Mount Sinai took in 64 NYU patients and some two dozen from Bellevue. It did not lose utility power this week, but was prepared with 13 back-up generators and several separate power systems if it had. Instead, communications were an Achilles heel.

Mount Sinai’s chief medical officer, Dr. Erin Dupree, was on the phone with her NYU counterpart on Monday night to discuss the evacuation, But they were repeatedly cut off as landlines and mobile phones failed throughout the city.

“We literally had no communications with these people,” she said. “They were in the dark, and we didn’t know who was coming here.”

That also could have been predicted. Loss of communication contributed to the scope of the Sept. 11, 2001, attacks in New York, when emergency responders were unable to receive instructions and information in the minutes before the collapse of the World Trade Center towers.

“We all lost telecommunications on 9/11,” said Gail Donovan, chief operating officer of Continuum. “After Sandy we had limited cellphone capabilities at Beth Israel,” one of Continuum’s Manhattan hospitals, “so we used walkie-talkies.”


What hospitals must do to harden themselves against disaster is determined by a patchwork of federal, state and local regulations. The Joint Commission mandates a long list of preparedness steps, including running disaster drills.

But many hospitals just go through the motions, said Dr. Dan Hanfling, special advisor on emergency preparedness at Inova Health System : “Until events of Sandy’s magnitude come along, emergency preparedness is just a box that has to be checked.”
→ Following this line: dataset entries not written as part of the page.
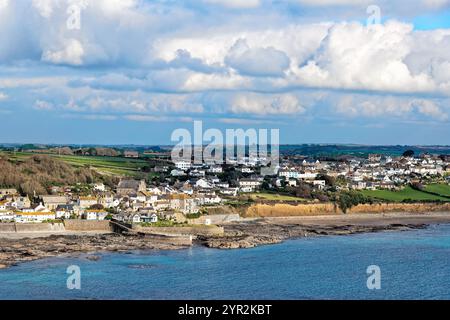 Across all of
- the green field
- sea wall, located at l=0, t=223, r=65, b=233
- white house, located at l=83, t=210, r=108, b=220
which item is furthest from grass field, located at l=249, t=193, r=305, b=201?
sea wall, located at l=0, t=223, r=65, b=233

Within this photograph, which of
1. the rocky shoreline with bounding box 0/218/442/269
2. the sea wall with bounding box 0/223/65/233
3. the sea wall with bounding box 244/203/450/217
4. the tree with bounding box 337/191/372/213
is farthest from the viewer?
the tree with bounding box 337/191/372/213

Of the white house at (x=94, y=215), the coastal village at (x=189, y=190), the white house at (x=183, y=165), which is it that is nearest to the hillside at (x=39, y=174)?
the coastal village at (x=189, y=190)

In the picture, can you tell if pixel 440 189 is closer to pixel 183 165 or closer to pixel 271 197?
pixel 271 197

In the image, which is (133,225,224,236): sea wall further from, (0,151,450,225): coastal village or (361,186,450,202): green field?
(361,186,450,202): green field

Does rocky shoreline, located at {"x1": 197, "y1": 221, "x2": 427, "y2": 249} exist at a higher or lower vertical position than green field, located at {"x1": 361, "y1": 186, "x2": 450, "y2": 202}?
lower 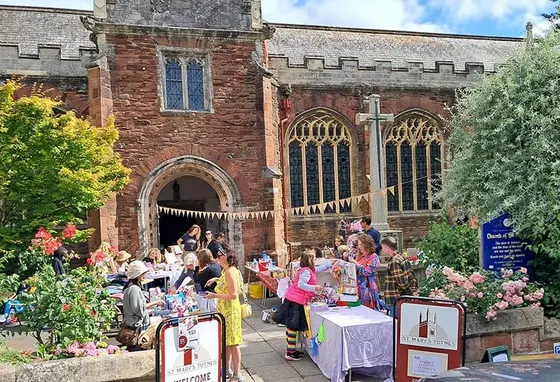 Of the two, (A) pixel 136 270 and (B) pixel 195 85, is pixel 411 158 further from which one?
(A) pixel 136 270

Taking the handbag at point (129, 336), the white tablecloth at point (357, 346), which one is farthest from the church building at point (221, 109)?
the handbag at point (129, 336)

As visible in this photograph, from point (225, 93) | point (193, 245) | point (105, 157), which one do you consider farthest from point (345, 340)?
point (225, 93)

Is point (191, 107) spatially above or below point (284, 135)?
above

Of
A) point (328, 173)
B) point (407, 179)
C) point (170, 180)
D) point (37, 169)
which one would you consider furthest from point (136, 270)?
point (407, 179)

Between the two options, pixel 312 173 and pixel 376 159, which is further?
pixel 312 173

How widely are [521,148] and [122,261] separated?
29.3ft

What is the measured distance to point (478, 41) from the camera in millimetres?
26562

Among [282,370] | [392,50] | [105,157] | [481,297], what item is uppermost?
[392,50]

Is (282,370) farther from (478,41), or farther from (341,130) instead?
(478,41)

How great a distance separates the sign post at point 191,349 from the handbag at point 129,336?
1.82 metres

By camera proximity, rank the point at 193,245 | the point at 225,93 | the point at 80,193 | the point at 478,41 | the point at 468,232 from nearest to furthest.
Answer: the point at 468,232 < the point at 80,193 < the point at 193,245 < the point at 225,93 < the point at 478,41

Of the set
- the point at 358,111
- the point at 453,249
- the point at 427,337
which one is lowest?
the point at 427,337

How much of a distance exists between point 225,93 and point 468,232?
362 inches

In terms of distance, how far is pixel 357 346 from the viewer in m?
5.93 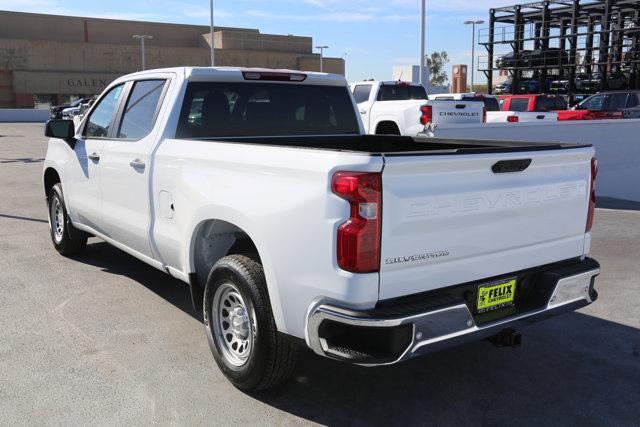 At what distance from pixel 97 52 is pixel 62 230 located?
202ft

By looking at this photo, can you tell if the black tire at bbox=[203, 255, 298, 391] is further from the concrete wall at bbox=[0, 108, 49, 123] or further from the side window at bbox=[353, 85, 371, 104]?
the concrete wall at bbox=[0, 108, 49, 123]

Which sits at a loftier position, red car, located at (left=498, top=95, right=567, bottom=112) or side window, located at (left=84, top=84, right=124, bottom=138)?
red car, located at (left=498, top=95, right=567, bottom=112)

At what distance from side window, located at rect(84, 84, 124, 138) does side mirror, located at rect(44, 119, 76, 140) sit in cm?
15

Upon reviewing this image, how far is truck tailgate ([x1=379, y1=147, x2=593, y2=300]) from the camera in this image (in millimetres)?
3045

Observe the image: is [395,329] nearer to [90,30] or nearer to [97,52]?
[97,52]

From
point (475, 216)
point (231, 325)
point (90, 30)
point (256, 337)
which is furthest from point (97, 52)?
point (475, 216)

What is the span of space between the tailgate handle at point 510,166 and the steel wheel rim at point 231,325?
1.61m

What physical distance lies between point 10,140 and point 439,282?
1037 inches

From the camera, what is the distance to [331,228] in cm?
303

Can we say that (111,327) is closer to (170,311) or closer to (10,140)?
(170,311)

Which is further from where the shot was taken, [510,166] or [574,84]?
[574,84]

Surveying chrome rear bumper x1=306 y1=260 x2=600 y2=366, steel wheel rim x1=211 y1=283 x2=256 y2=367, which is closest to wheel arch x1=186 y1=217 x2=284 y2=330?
steel wheel rim x1=211 y1=283 x2=256 y2=367

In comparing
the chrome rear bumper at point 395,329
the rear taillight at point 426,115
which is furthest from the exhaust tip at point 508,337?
the rear taillight at point 426,115

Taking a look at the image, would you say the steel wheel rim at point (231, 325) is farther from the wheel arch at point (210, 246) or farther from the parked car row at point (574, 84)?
the parked car row at point (574, 84) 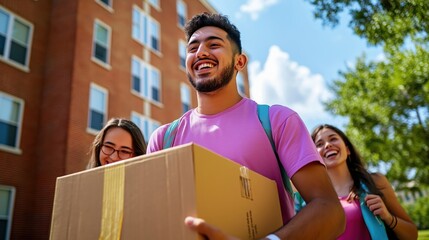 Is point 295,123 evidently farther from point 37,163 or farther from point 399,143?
point 399,143

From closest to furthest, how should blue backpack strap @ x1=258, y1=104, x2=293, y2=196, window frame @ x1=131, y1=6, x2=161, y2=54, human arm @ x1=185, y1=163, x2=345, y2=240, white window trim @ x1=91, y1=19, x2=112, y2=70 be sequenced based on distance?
human arm @ x1=185, y1=163, x2=345, y2=240, blue backpack strap @ x1=258, y1=104, x2=293, y2=196, white window trim @ x1=91, y1=19, x2=112, y2=70, window frame @ x1=131, y1=6, x2=161, y2=54

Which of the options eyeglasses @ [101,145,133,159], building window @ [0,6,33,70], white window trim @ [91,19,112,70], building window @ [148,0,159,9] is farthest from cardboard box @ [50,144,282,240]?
building window @ [148,0,159,9]

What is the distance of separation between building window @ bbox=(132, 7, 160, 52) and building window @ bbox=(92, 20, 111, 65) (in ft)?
6.63

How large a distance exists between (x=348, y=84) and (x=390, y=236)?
17.1m

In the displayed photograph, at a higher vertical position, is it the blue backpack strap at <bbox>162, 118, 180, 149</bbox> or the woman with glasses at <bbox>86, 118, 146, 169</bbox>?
the woman with glasses at <bbox>86, 118, 146, 169</bbox>

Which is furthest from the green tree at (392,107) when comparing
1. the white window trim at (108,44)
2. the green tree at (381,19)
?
the white window trim at (108,44)

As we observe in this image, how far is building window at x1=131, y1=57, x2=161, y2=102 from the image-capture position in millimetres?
15977

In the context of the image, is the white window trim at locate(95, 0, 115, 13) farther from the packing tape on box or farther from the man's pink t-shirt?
the packing tape on box

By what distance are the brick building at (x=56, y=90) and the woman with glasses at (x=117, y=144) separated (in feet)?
28.5

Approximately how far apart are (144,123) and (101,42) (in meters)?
3.80

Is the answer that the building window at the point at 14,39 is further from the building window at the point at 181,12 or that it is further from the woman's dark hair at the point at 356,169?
the woman's dark hair at the point at 356,169

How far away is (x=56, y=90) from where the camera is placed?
1252cm

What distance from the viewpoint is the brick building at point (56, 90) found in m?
11.3

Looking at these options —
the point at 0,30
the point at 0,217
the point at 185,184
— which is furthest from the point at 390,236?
the point at 0,30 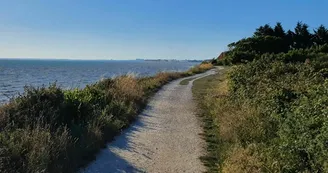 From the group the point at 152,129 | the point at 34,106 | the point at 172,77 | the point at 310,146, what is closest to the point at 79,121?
the point at 34,106

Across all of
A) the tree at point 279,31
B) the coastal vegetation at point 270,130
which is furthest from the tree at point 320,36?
the coastal vegetation at point 270,130

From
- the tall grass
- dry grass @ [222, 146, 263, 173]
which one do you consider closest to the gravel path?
the tall grass

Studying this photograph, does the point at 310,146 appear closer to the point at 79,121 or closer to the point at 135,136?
the point at 135,136

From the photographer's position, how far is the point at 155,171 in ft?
25.3

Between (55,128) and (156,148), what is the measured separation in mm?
2593

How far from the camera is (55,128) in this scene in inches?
370

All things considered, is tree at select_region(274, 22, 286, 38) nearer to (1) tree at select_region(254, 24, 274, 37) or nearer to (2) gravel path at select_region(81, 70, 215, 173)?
(1) tree at select_region(254, 24, 274, 37)

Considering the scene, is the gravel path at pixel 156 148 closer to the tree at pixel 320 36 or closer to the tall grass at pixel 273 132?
the tall grass at pixel 273 132

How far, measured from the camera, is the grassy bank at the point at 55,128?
22.4ft

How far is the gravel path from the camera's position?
796cm

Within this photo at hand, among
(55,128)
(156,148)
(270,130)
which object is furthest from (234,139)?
(55,128)

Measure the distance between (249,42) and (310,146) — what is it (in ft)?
170

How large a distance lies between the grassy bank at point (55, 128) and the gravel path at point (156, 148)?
374 mm

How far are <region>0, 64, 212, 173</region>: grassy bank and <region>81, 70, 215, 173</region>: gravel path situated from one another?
0.37 m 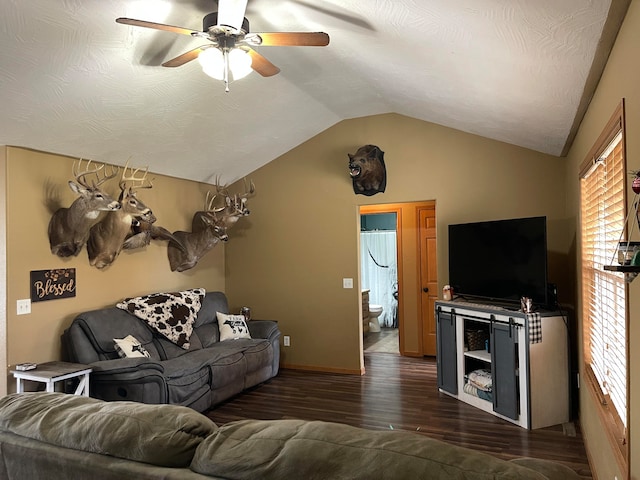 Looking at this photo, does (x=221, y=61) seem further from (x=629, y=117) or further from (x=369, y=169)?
(x=369, y=169)

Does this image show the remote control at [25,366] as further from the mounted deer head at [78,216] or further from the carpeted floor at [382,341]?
the carpeted floor at [382,341]

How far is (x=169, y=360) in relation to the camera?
433 centimetres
Virtually no emergency drills simulate a disaster inside a hospital. “I can’t remember the last time a hospital ran a disaster drill where the hospital itself was the site of the disaster,” Kellerman said.

The Commission also requires hospitals to maintain back-up power equipment and test it 12 times a year for half an hour and for four hours once every three years. There is no requirement for war-gaming a situation that knocks out that equipment.

Only with “new construction or renovation projects” are hospitals supposed to place such equipment above flood level, explained the Commission’s Mills, and even in those cases it is something that “should” be considered but is not required. That means the stricken New York hospitals are not unusual.

“We are definitely making progress in preparedness, but many hospitals are still trying to figure this out,” said Inova’s Hanfling. “They would fare about the same” should another storm like Sandy roar ashore.